Please print the entries below exactly, from the line with "Μπαταρία NANORAND Ni-Mh" through the line with "Blick vom Simmelsberg", including both of those lines and leaving out all others.

# [Data shown]
::::

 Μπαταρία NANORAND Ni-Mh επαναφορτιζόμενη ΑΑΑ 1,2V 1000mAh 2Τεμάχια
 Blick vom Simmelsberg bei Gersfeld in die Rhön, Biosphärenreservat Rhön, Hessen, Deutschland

::::

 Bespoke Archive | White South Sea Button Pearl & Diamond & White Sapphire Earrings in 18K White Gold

::::

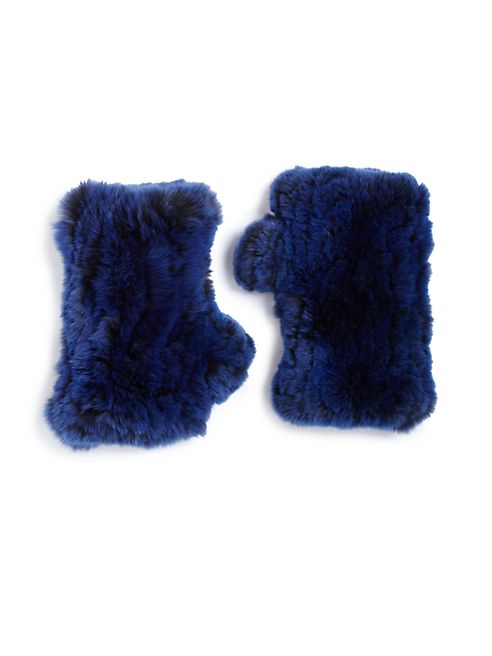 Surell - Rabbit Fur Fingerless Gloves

::::

# [Expected output]
 Μπαταρία NANORAND Ni-Mh επαναφορτιζόμενη ΑΑΑ 1,2V 1000mAh 2Τεμάχια
 Blick vom Simmelsberg bei Gersfeld in die Rhön, Biosphärenreservat Rhön, Hessen, Deutschland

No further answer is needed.